事前にシステムを理解しておくと、いざという時の判断が早くなる。
主要緊急番号
- 112: 欧州共通緊急番号。救急・警察・消防すべてに対応。英語対応オペレーターが24時間常駐している
- 061: 医療緊急(アンブランシア)。地域によっては112と重複しているが、医療専用として設置
- 062: グアルディア・シビル(国家治安警備隊)。地方・幹線道路の担当
- 091: 国家警察(ポリシア・ナシオナル)。都市部での犯罪・盗難対応
- 092: 地方警察(ポリシア・ロカル)。軽微な交通問題・地域の治安
旅行中に財布やパスポートを盗まれた場合は091(国家警察)に電話するか、最寄りの国家警察署(コミサリア)に出向く。
112に英語で電話する
112のオペレーターは英語対応しているが、状況によっては接続に時間がかかったり、専門的な医療用語の翻訳が難しい場合がある。事前に「I need an ambulance(救急車が必要です)」「There was an accident(事故がありました)」などの基本フレーズを頭に入れておくと役立つ。
自分の住所または現在地を正確に伝えることが最優先だ。Googleマップの「現在地を共有」機能でURLをSMSで送る方法も、スペインでは認知されつつある。
医療機関の緊急窓口
救急ではなく「今夜のうちに診てほしい」というケースでは、「ウルヘンシア(urgencias)」と表示された救急外来に直接行くことができる。公立病院のウルヘンシアは24時間対応で、健康カード(tarjeta sanitaria)があれば基本的に無料で受診できる。

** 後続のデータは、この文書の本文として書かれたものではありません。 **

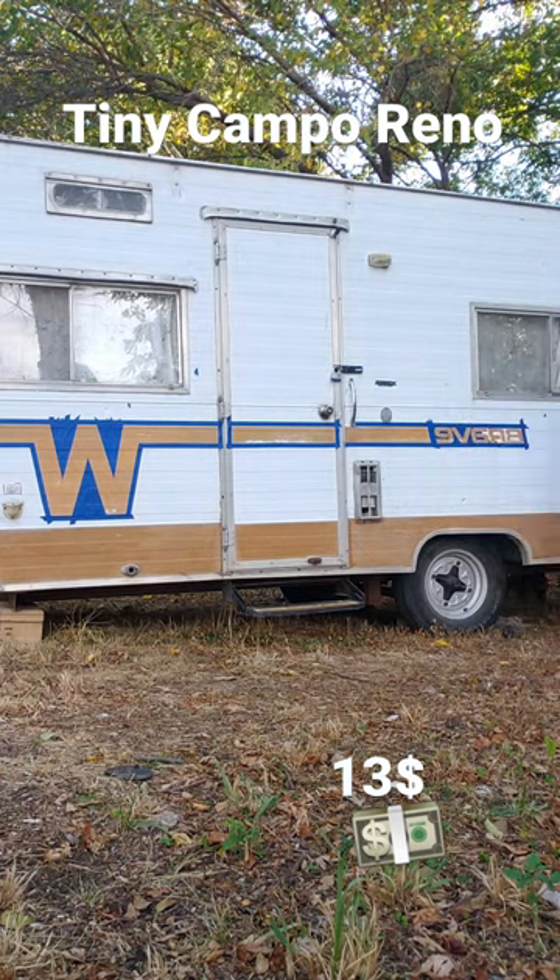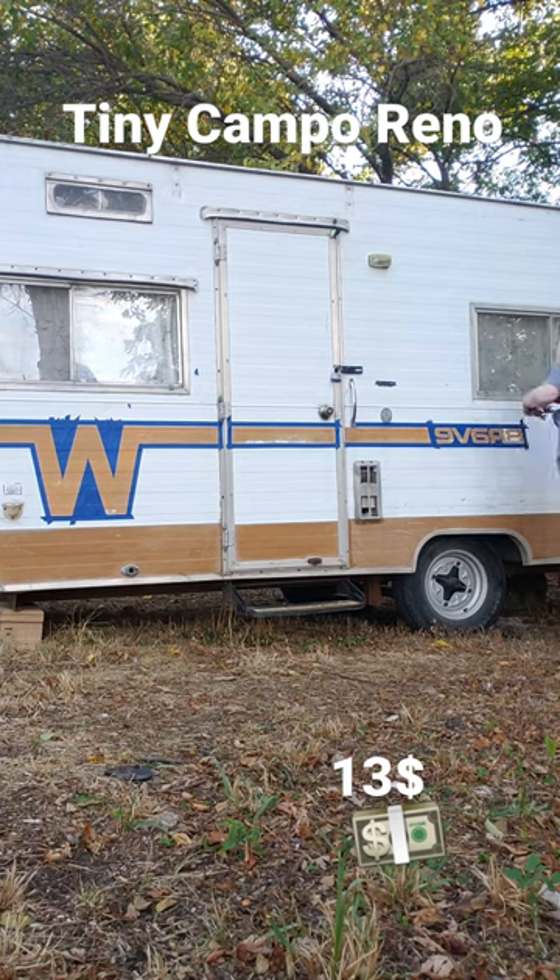It's very, very satisfying. And then I'm going to spray paint it. My total cost right now is up to $13.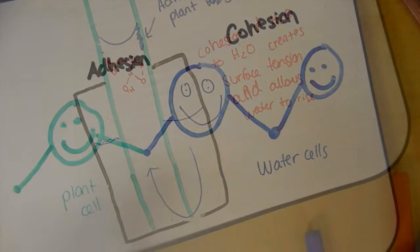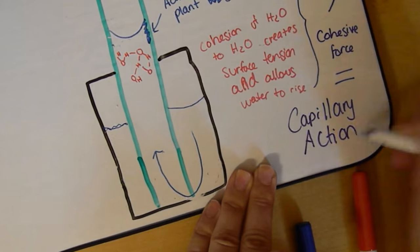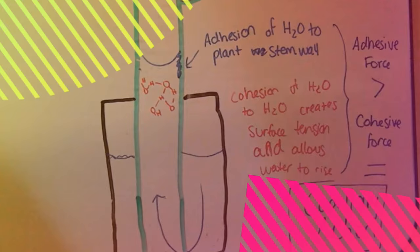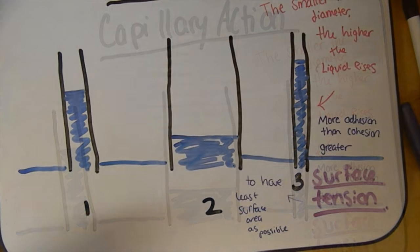You can see this when you pour the same amount of water into different sized containers. The water rises higher in the thin vase than the wide one, so it makes sense that a plant stem is tall and thin rather than short and wide.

ただし夜間の公立救急は待ち時間が長い(2〜4時間かかることも)。軽症であれば、私立クリニックのウルヘンシアを利用する方が早い場合が多い。
旅行者保険との連携
旅行保険に加入している場合、保険会社の緊急連絡先に先に電話することで、提携クリニックへの案内や通訳サービスが受けられる場合がある。緊急入院になった場合のキャッシュレス対応も、事前確認が重要だ。
緊急時に冷静でいるのは難しい。でも番号を知っているだけで、その場の混乱は確実に減る。